Bunny back from the brink
PUBLISHED: 17:58 25 April 2014 | UPDATED: 21:07 29 April 2014
Q- We recently lost a bunny, with another poorly. Advice from the Web is mostly directed at pets, often advising rushing bunny to the vet, not economically viable for a
meat rabbit on a marginal smallholding.
A - Rabbits have simple stomachs like ours, but their caecum (like our appendix) is large and involved in fermenting roughage (like a cow’s first stomach). Rabbits need roughage in the diet from sources such as hay.
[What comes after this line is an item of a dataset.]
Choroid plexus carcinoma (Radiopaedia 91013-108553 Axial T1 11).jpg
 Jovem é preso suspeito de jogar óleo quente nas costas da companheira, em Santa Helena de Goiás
Any changes in diet need to be gradual as it will affect the microbial flora in the caecum; if the gut cannot process a new food properly, gas will accumulate. Feeds which are rich and too easily passed through the stomach can also result in diarrhoea and/or gas accumulation. Any gas accumulation and alterations in gut motility can cause colic and become serious. If the gut is static (ileus) which is normally the case, a vet can prescribe Metaclopramide which will ‘kick start’ the gut. Laxatives are of questionable use as the issue is not normally faecal consistency – it’s about gut motility. Keeping your rabbit well hydrated with an electrolyte solution is of utmost importance. Massaging as you did may aid gas removal and is recommended.